Как и высшее благо, добродетель также имеет двойное значение. "Панэтий говорит, что есть две добродетели - умственная и действенная..." (35, 274). Можно предположить, что он разделяет добродетель на теоретическую и практическую. Под теоретической добродетелью мыслится познание, культивирование знаний. Практическая добродетель в свою очередь подразделяется на добродетель в отношении других - следование долгу, культивирование справедливости, готовность ко всему ради всеобщей пользы и добродетель в отношении себя - внутренняя стойкость, умеренность, порядочность и т. д. "Все нравственно-прекрасное, по Панецию, бывает четырех видов: 1) познание истины и искусство; 2) справедливость и государственная добродетель; 3) возвышенная твердость души; 4) порядочность, скромность и умеренность всего поведения человека. Все эти четыре вида нравственно-прекрасного связаны и переплетены между собой, однако каждый из них предполагает нравственный долг особого рода" (169, 668). А. Ф. Лосев правильно подчеркивает, что Панеций дает расчлененное представление о нравственном долге. И действительно, в этике Панеция большое внимание уделяется учению об обязанностях. Представление об этом учении можно получить по сочинениям его ученика Цицерона, в частности по трактату "О дружбе (Лелий)", где широко используются сочинения Панеция (см. об этом 267), а также по трактату "Об обязанностях". В этом последнем Цицерон, в частности, пишет: "Обязанности, о которых я рассуждаю в этих книгах, стоики называют "средними"; они касаются всех людей и находят себе широкое применение; многие постигают их по доброте своей натуры и благодаря своим успехам в учении. Однако обязанность, которую стоики называют "прямой", совершенна и безусловна и, как говорят, "удовлетворяет всем числам"; ее может достичь один только мудрый человек" (74, 127). Если учесть, что Цицерон принимал стоицизм прежде всего в редакции Панеция, то можно предположить, что здесь воспроизводится именно точка зрения последнего.

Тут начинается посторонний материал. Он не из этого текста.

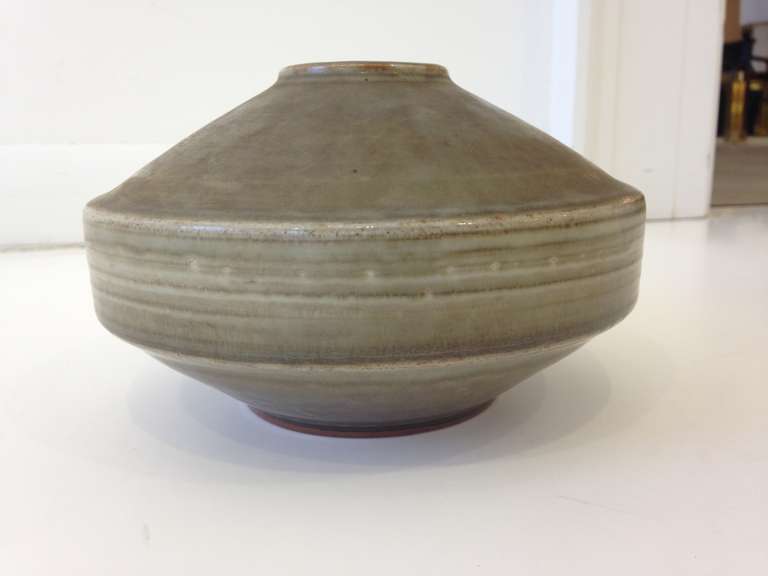 Fantastic modernist saucer shape vase in matte grey glaze. Hand-thrown one of a kind vase by master potter Carl Harry Stalhane, head designer for Rorstrand pottery. Signed and dated on underside.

В соотношении добродетелей, как и в соотношении обязанностей, решающей является теоретическая добродетель, добродетель мудрости. От нее зависят остальные. Панеций остается просветителем, в разуме он видит морально организующую силу. Как ни привлекательна такая позиция, она в эпоху начавшегося заката рабовладельческого общества, усиливающейся неустойчивости, хаотичности, иррациональности общественных структур, отчуждения индивидов (в том числе свободных граждан) от государства была малоперспективной. Духу времени более отвечала позиция Посидония, который соединил стоическое учение с философией Платона и ввел в этику элементы мистицизма.